Abstract
We measured gene expression of paracrine regulators involved in adipocyte differentiation within the stromovascular fraction of abdominal subcutaneous adipose tissue from obese individuals with (n = 30) and without (n = 18) type 2 diabetes mellitus (T2DM). Despite similar adiposity by design, subjects with T2DM had larger adipocytes (0.92 ± 0.28 vs. 0.75 ± 0.17 μl, p < 0.05) than controls. Gene expression of the adipogenic marker aP2 was lower (0.35 ± 0.16 vs. 0.58 ± 0.27 arbitrary units, p < 0.05) whereas the expression of matricellular peptidase, MMP2 was higher (1.65 ± 0.17 vs. 1.27 ± 0.21, p = 0.02) in T2DM vs. controls. The gene expression levels between the aP2 and MMP2 were inversely correlated (r = −0.32, p = 0.03). We conclude that early steps of adipogenesis may be impaired in T2DM independently of obesity due, in part, to an upregulation of the MMP2 transcription.
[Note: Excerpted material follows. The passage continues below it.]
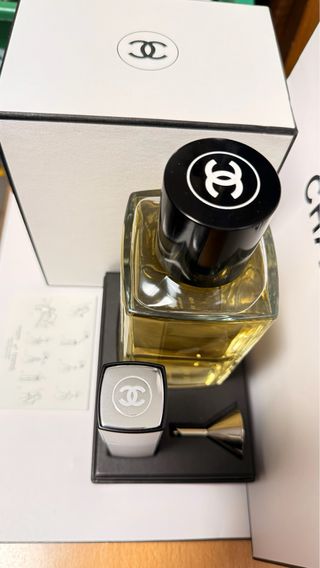 Gardénia les exclusifs de Chanel 400 ML.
Keywords: Obesity, Type 2 diabetes, Adipocyte, Fatty acid binding protein aP2, Matrix metalloproteinase
Obesity is associated with an extensive reorganization of adipose tissue including changes in adipogenesis, angiogenesis, extracellular matrix composition, and macrophage content. More specifically, the adipocyte differentiation in subcutaneous adipose tissue decreases with obesity [1]. Based on gene expression data, we suggest that obese individuals with type 2 diabetes (T2DM) have inhibited adipocyte differentiation when compared to obese non-diabetic controls [2]. However, the molecular mechanism of the impaired preadipocyte differentiation in T2DM is not known. It is well established that pro-inflammatory cytokines, chemokines, and proteolytic factors modulate adipocyte differentiation by paracrine mechanisms. Such factors are produced primarily by distinct cellular populations that comprise the stromovascular fraction (SVF) of adipose tissue (preadipocytes, mesenchymal stem cells, endothelial cells, smooth muscle cells, and infiltrating macrophages) and, to a lesser extent, by adipocytes [3,4]. Modified sensitivity of preadipocytes to adipogenic growth factors or hormones seems to also play a role [5]. In the present study, we asked whether the genes of selected pro-inflammatory and matricellular proteins, hormones, and/or molecules from selected signaling pathways are differentially expressed in the SVF of subcutaneous abdominal adipose tissue in obese diabetic vs. obese non-diabetic individuals. The selected genes were interleukin-6 (IL-6); tumor necrosis factor α (TNFα); CD68 (a member of the scavenger receptor superfamily expressed in macrophages and mast cells); monocyte chemotactic protein-1 (MCP1); macrophage migration inhibitory factor (MIF); macrophage inflammatory protein-1-α (MIP1A); stress-activated protein kinase JNK-1; IKKβ (an IκB kinase that activates the nuclear factor NFκB, a regulator of cytokine and chemokine gene transcription); matrix metalloproteinase-2 (MMP2, a gelatinase A or a type IV collagenase); and 11 β-hydroxysteroid dehydrogenase type 1 (11β-HSD1; enzyme that converts cortisone to cortisol). Furthermore, we hypothesized that these differentially expressed genes would relate to the expression of adipogenic markers, such as human adipocyte fatty acid binding protein (aP2).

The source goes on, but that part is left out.